Model construction and performance evaluation
To take full advantage of the selected sequence and structural features, we created a sequence-based predictor PCTseq and a structure-based predictor PCTstr, both of which were RF-based models implemented using the scikit-learn package with 500 trees [50, 51]. The average value of the probability scores generated by these two predictors was adopted to disentangle cross-talk from negative pairs when the protein structure was provided. Otherwise, the probability score of PCTseq was used individually. We conducted 10-fold cross-validation (CV) on the five data sets used in this work. For each data set, the balanced positive and negative pairs were adopted. The samples were randomly partitioned into 10 subgroups, 9 of which were used for training and the remaining subgroup was used for testing. The 10-fold CV was repeated 100 times by resampling negative pairs and the average performance was reported. In addition to the above pair-based validation, we used protein-based validation, cross-talk subset assessment and independent testing to evaluate the robustness of our algorithm, in which the feature combination determined by the 10-fold CV on Seq-set and Str-set was consistently used. In this work, the Matthews correlation coefficient (MCC) and AUC were used as the primary measures. We also computed other metrics including recall, precision, F1-score and accuracy.
Results and discussion
Statistical analysis of residue pair-based features
We systemically compared the cross-talk and negative samples based on the residue pair-based properties. Compared to negative pairs, cross-talk pairs generally had smaller sequence distances (median: 6 versus 154 amino acids, P = 2.2e-59), structural distances (median: 10.8 Å versus 29.7 Å, P = 1.2e-16) and shortest path distances (median: 2 versus 5 steps, P = 1.3e-16). The co-localization analysis indicated that 69.3 and 16.9%, 34.6 and 20.6% and 19.7 and 0.04% of positive and negative samples were observed within the same disordered regions (P = 1.2e-84), protein domains (P = 4.8e-07) and protein pockets (P = 3.4e-09), respectively, showing that cross-talk sites were prone to being simultaneously located in functional regions. In Figure 2A, in agreement with their higher occurrences in disordered regions, cross-talk pairs achieved a greater fraction of coil–coil (CC) conformation, whereas negative pairs had higher fractions of coil–helix (CH) and coil–sheet (CE) conformations. This result suggested that the pairwise secondary structure state could be used as an indicator of cross-talk events.

Comparison of the distributions of residue pair-based features between cross-talk (red) and negative (cyan) pairs. (A) Pairwise secondary structure state, (B) residue co-evolution and (C) correlated mutation.
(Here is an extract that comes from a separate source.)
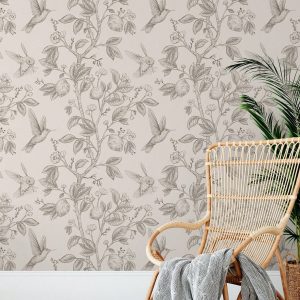 Hummingbird & Lemon Tree Peel-And-Stick Wallpaper - 44.96cm X 6.5/9.8' | Removable, Waterproof Vinyl Mural For Elegant Home Decor Light Grey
P-values are provided in each figure.
In this work, the DCA algorithm was used to measure the co-evolution of residues [30]. In Figure 2B, cross-talk pairs displayed higher co-evolutionary strength than negative pairs. Supplementary Figure S2A–C shows that the distribution discrepancy of the DCA-based score (P = 2e-32) was more significant than those of the conventional MI-based score (P = 1.9e-12) and normalized MI score (P = 1.7e-24). Supplementary Figure S2D displays that the direct information was more useful for identifying co-regulatory PTM pairs than the other two co-evolutionary features. Additionally, we used correlated mutation to reflect the covariation pattern between paired PTM sites. Figure 2C displays that both target residues involved in cross-talk tended to simultaneously appear in the homologous sequences, whereas those in negative pairs were easily mutated. A higher co-occurrence frequency of paired sites suggested their stronger functional association.
Statistical analysis of residue-based features
We also compared the two categories of samples at the single residue level. Regarding the sequence features, Figure 3A shows that cross-talk sites possessed significantly lower residue conservation scores based on the Shannon entropy, suggesting that these residues were more evolutionarily conserved than negative samples. In Figure 3B and C, additionally, cross-talk residues had lower SIFT scores and higher PolyPhen-2 scores, implying a higher probability of inducing deleterious mutations. At the structural level, Figure 3D shows that the LNs of positive samples were consistently lower than those of negative samples from local to global scales, indicating that cross-talk residues prefer relatively concave locations in protein structures. In Figure 3E, cross-talk sites achieved higher degree and betweenness measures but lower clustering coefficients than negative ones. This result indicated that the residues in cross-talk appeared in the center of residue networks, whereas there were sparse contacts between their neighboring residues. These locations generally correspond to the protein pocket, cleft and cavity regions. The distributions of two local geometric features in Figure 3F and G illustrate that cross-talk sites had lower depth values and higher protrusion values, suggesting that these residues were in the convex surface of proteins. Figure 3H indicates that positive samples had more difficulty forming hydrogen bonds with other residues than negative samples. In Figure 3I, the positive sites tended to possess higher B-factors, implying that these residues had a higher degree of flexibility in protein structures. Overall, the residue-based features can reflect the differences between cross-talk and negative sites.

Comparison of the distributions of residue-based features between cross-talk (red) and negative (cyan) pairs. (A) Residue conservation, (B) SIFT score, (C) PolyPhen-2 score, (D) average of LN, (E) average of topological features, (F) depth index, (G) protrusion index, (H) number of hydrogen bonds and (I) B-factor. Min, Max and Ave represent the minimum, maximum and average values of two residues in each PTM pair regarding a given attribute. P-values are provided in each figure. The complete distributions of LN and topological features are shown in Supplementary Figure S3. Regarding the analysis of B-factor, we only used the samples from crystal structures.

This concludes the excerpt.